» **THE TASK**
The copy must run from the line containing "2079 Antigua Lane" through the final line of the records, both included, exactly as written. It should contain no pictures.

» **DATASET RECORDS**
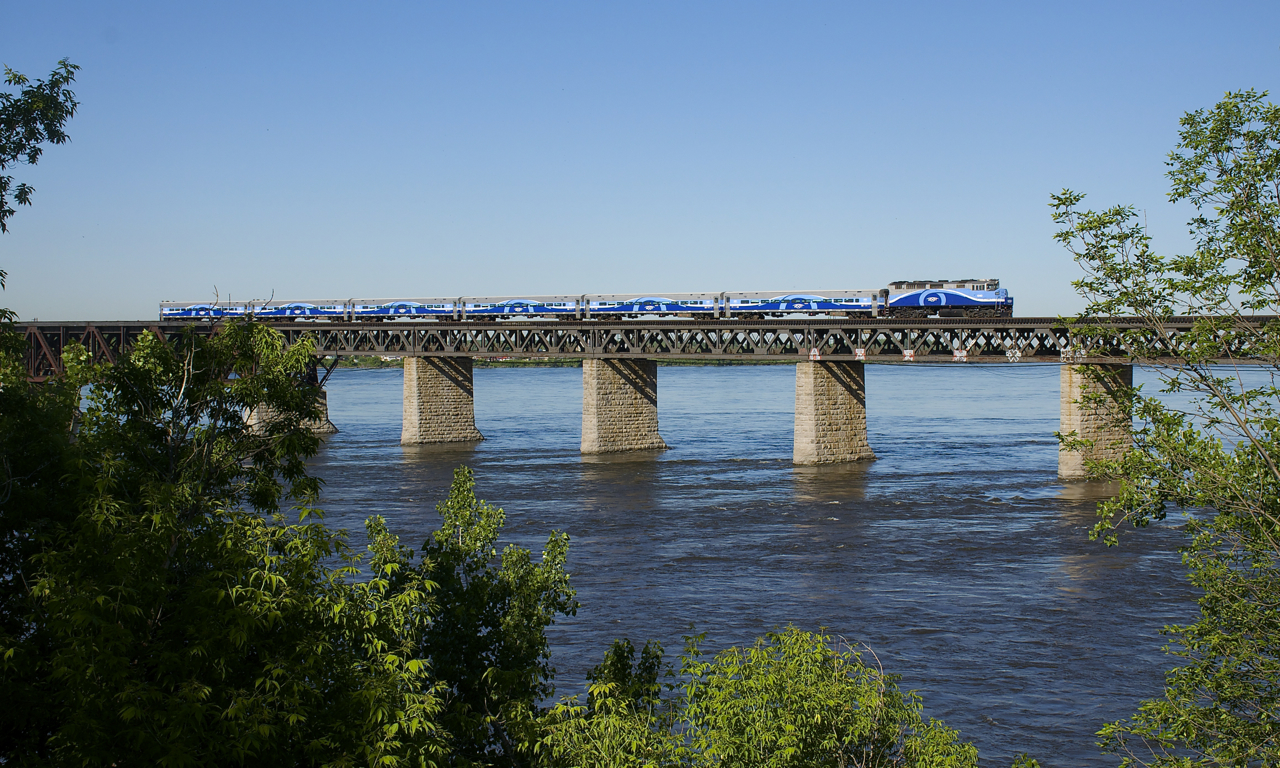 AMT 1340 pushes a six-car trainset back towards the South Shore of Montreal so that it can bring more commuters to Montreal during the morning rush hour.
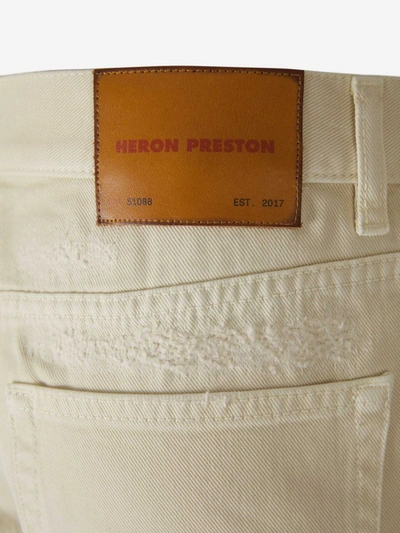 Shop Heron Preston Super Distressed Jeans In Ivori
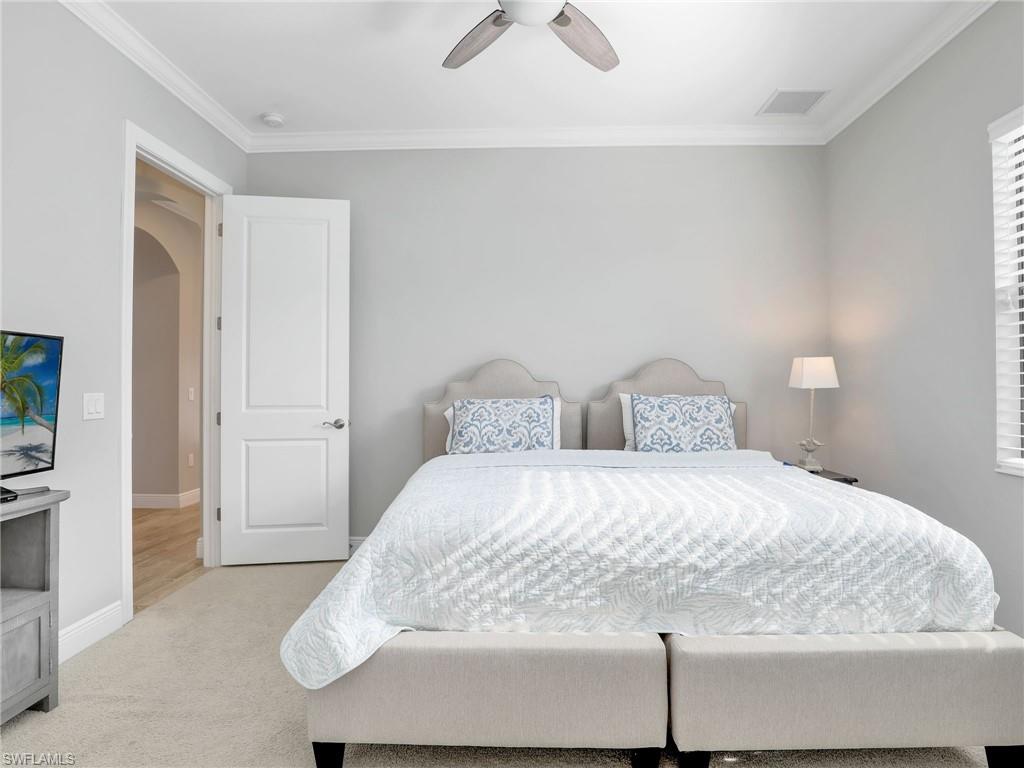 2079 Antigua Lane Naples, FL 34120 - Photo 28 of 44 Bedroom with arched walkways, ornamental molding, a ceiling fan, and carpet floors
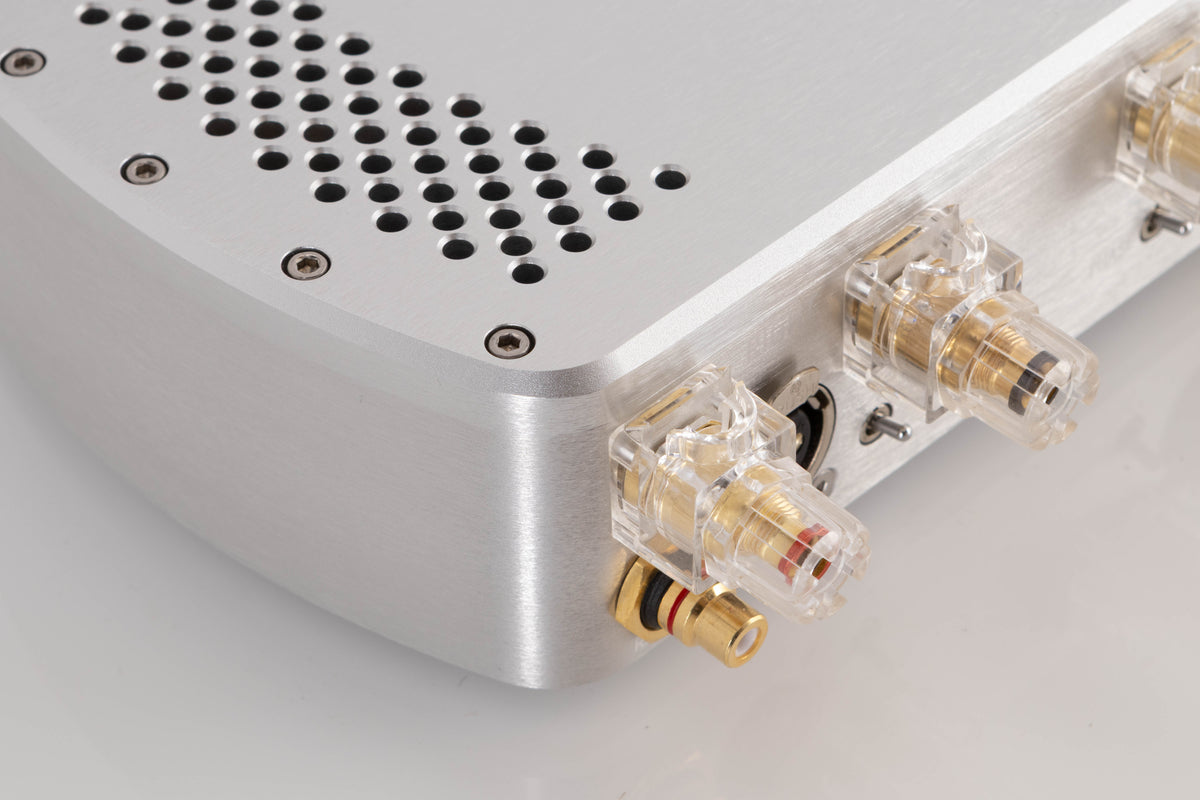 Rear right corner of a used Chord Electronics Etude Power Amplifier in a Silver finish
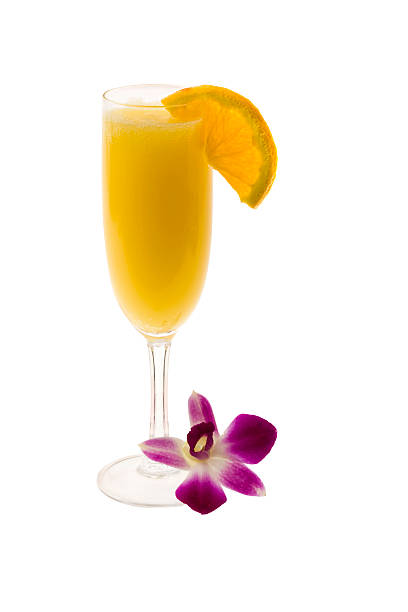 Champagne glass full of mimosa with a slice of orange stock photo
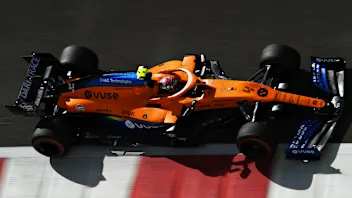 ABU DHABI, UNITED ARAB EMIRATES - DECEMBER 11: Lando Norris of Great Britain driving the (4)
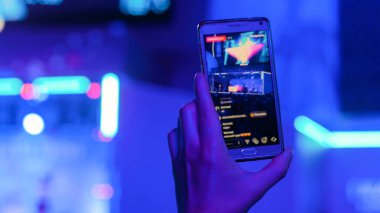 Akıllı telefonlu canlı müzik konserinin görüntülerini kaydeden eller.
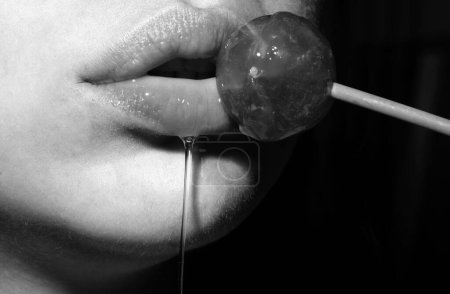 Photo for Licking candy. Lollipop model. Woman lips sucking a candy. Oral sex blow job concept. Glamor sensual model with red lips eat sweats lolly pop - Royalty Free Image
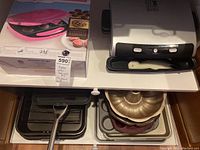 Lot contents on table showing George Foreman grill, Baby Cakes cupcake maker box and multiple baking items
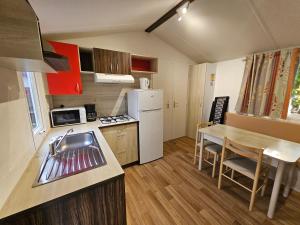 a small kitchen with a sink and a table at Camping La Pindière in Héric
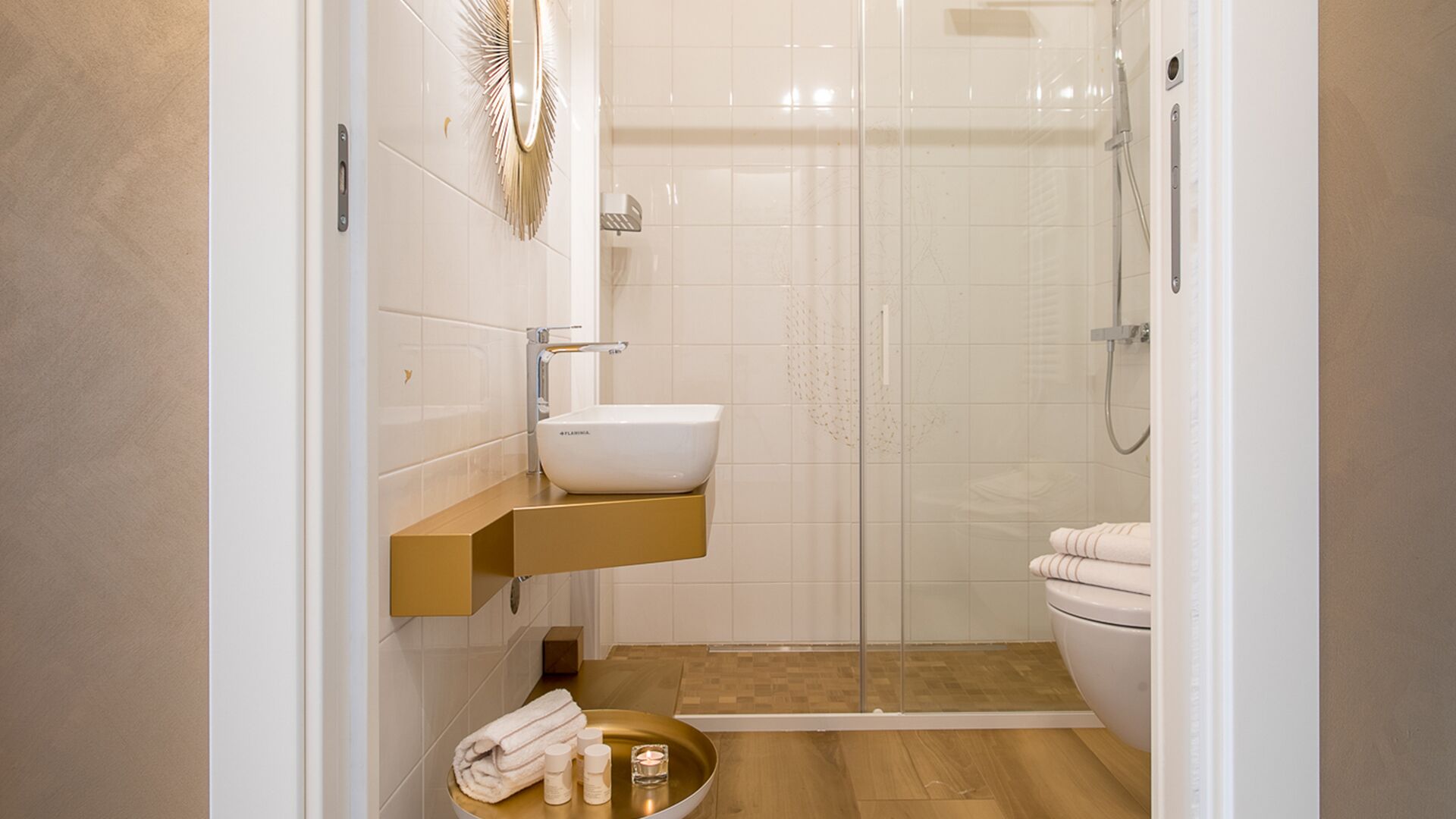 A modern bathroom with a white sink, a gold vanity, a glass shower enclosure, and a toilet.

» **ANSWER BOX**
 2079 Antigua Lane Naples, FL 34120 - Photo 28 of 44 Bedroom with arched walkways, ornamental molding, a ceiling fan, and carpet floors
 Rear right corner of a used Chord Electronics Etude Power Amplifier in a Silver finish
 Champagne glass full of mimosa with a slice of orange stock photo
 ABU DHABI, UNITED ARAB EMIRATES - DECEMBER 11: Lando Norris of Great Britain driving the (4)
 Akıllı telefonlu canlı müzik konserinin görüntülerini kaydeden eller.
 Photo for Licking candy. Lollipop model. Woman lips sucking a candy. Oral sex blow job concept. Glamor sensual model with red lips eat sweats lolly pop - Royalty Free Image
 Lot contents on table showing George Foreman grill, Baby Cakes cupcake maker box and multiple baking items
 a small kitchen with a sink and a table at Camping La Pindière in Héric
 A modern bathroom with a white sink, a gold vanity, a glass shower enclosure, and a toilet.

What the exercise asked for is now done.